Mass. activists weigh in on anti-gun legislation

Yawu Miller | 10/16/2013, 12:01 p.m.
After Kim Odom’s son was shot and killed on Oct. 4, 2007, there were two questions that lingered. "Who did ...
Anti-violence activists gather in the Bromley Heath Community Center to share ideas about stemming the tide of gun violence in Massachusetts. In the front row are (left-right) Ruth Rollins, Kim Odom and Clementina Chery. (Yawu Miller photo) Photo by Yawu Miller


State Rep. Jeffrey Sanchez is soliciting community input on Gov. Deval Patricks gun control legislation.

After Kim Odom’s son was shot and killed on Oct. 4, 2007, there were two questions that lingered.

“Who did it and why,” she said. “I wanted to know the root cause. What brought a person to the point in their life where they could take a life.”

Then came another question: “Where did the gun that took my child’s life come from?”

Odom found some answers: the identity of the 17-year-old boy who shot and killed her son and that of the other 17-year-old who supplied him with the gun.

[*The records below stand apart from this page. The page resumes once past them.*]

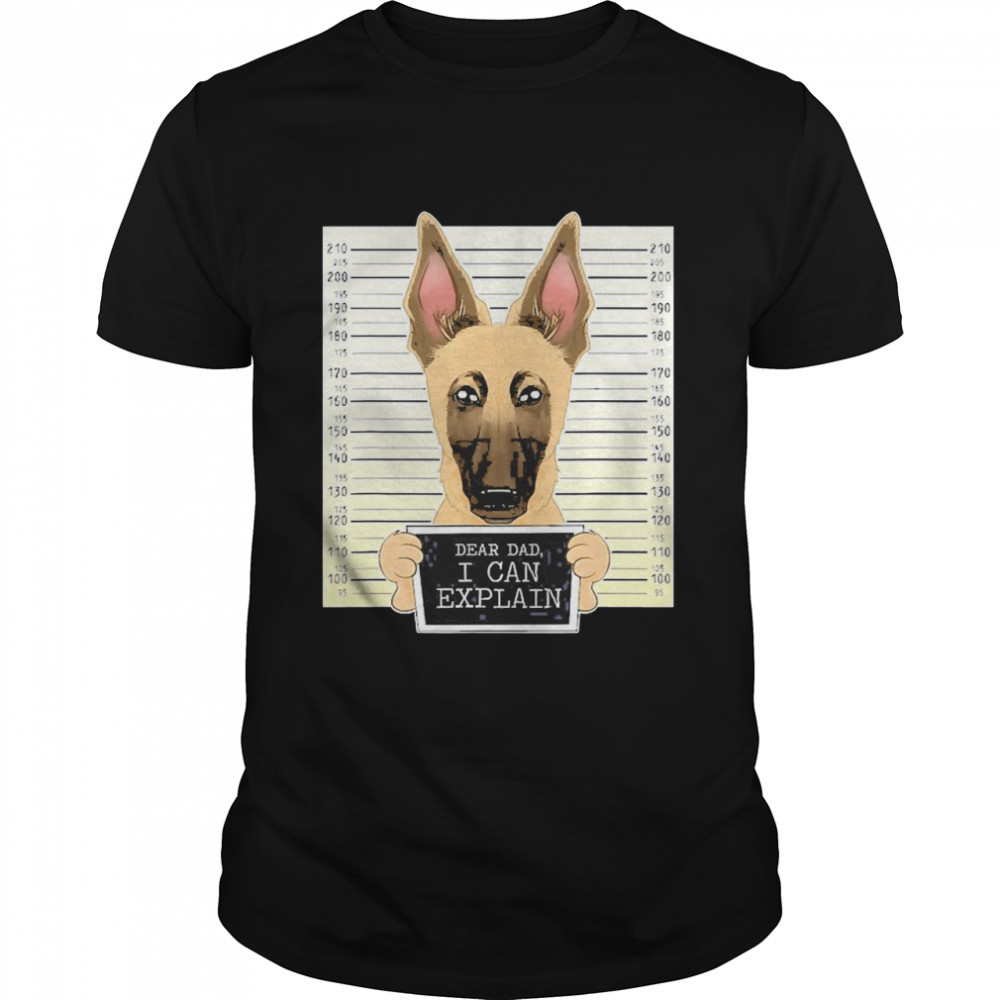 Dad I Can Explain I Belgian Malinois Dad I Belgian Malinois Shirt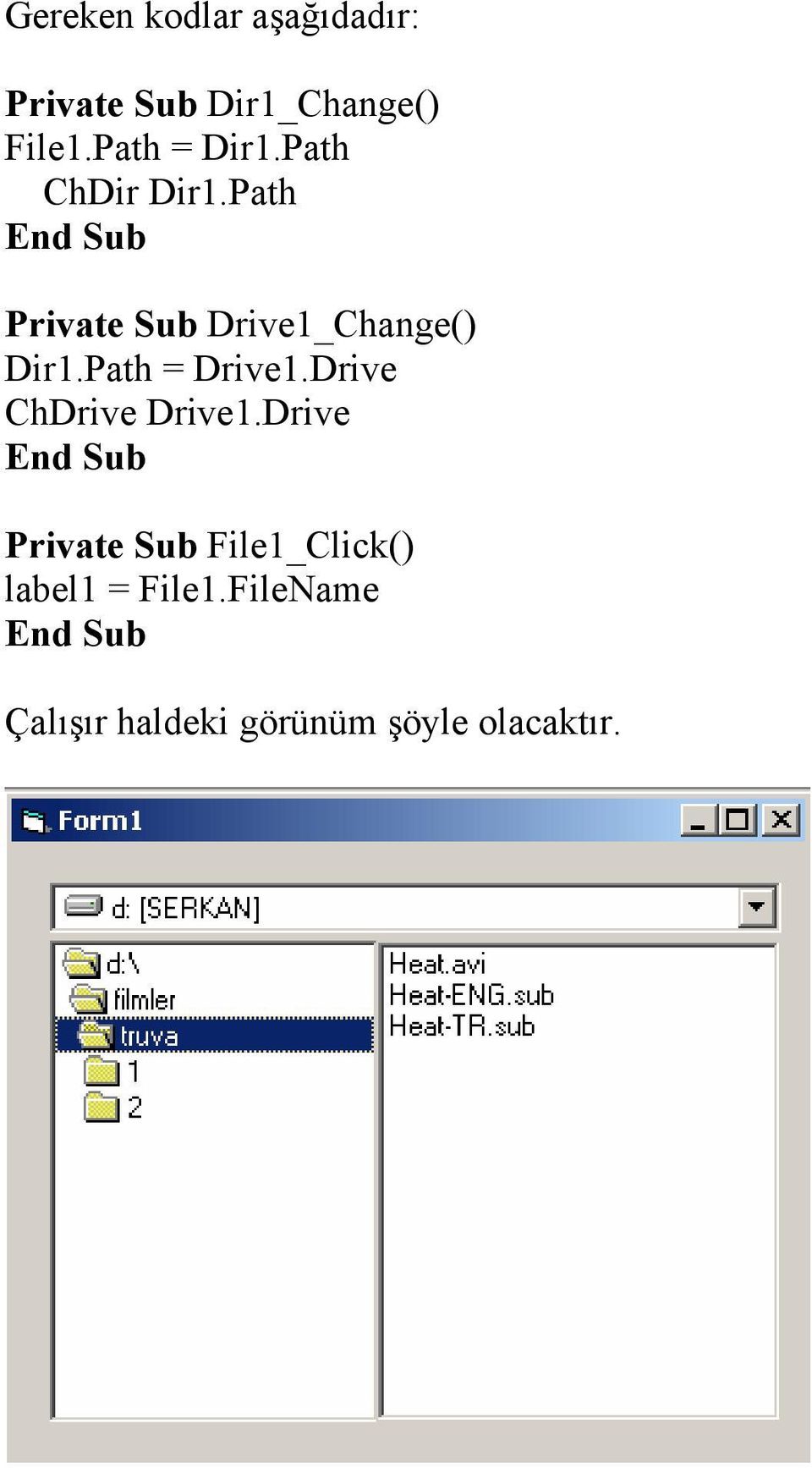 Path Private Sub Drive1_Change() Dir1.Path = Drive1.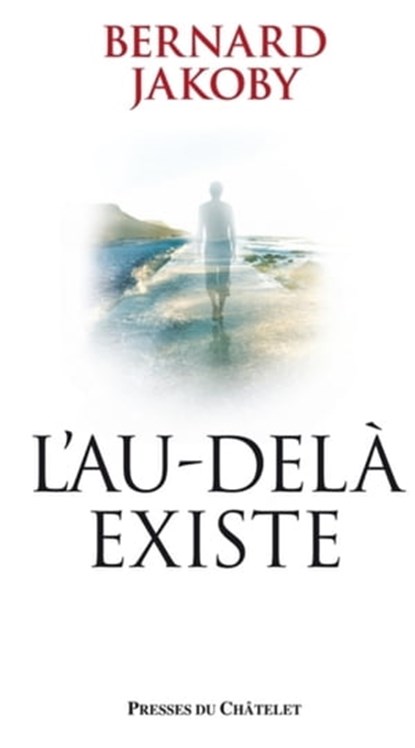 L'au-delà existe, Bernard Jakoby - Ebook - 9782845924499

And she learned about the so-called “iron pipeline” of gun dealers in states with lax gun laws like New Hampshire, Maine, Vermont and Georgia and the buyers who bring them to Massachusetts and sell them illegally.

Her exploration of the reasons behind her son’s shooting led her to a disturbing conclusion.

“There’s no one answer,” she said. “It’s not one thing or another. It’s all of the above.”

Last week, Odom and dozens of other anti-violence activists came together for a community meeting to discuss strategies to stem the tide of gun violence. The meeting, convened by state Rep. Jeffrey Sanchez, was aimed at informing the public about proposed legislation to tighten Massachusetts gun laws.

House Bill 47, “An act to strengthen and enhance firearms laws in the Commonwealth,” was filed by Gov. Deval Patrick and would create four new categories of gun offense, including “being a felon in possession of a firearm” and “commission of a violent misdemeanor while in possession of a firearm,” with increased penalties for second-, third- and fourth-time offenders.

The bill also includes tighter regulations for legal gun ownership, including a provision to bar people under 21 years of age from purchasing a machine gun and a provision requiring dealers at gun shows to connect to the Massachusetts Instant Record Check System when conducting the sale of a firearm.

Suffolk County Sheriff Steve Tompkins said tougher gun laws alone will not stem the tide of gun violence.

“Massachusetts has some of the strongest gun control laws in the country,” he said. “And yet gun-related crime continues spiraling upward in this state.”

According to the Bureau of Alcohol, Tobacco and Firearms, Massachusetts has more guns from outside of the state used in the commission of crimes than any other state in the country. “It’s like installing an expensive home security system, but leaving your doors and windows open,” Tompkins said.

Others agreed.

Ruth Rollins, whose son was killed in 2007, emphasized how easy it is for buyers in the iron pipeline to purchase guns in New Hampshire, Maine and Vermont.

“There are a lot of dealers who say, ‘Just give me the money and buy what you want,’” she said.

Sanchez acknowledged the limits of gun control laws, emphasizing the importance of approaching gun violence as a public health problem.

“Gun violence is not just a byproduct of gun ownership alone,” he said. “Gun violence is a result of many factors including socio-economic, educational, behavioral and cultural issues.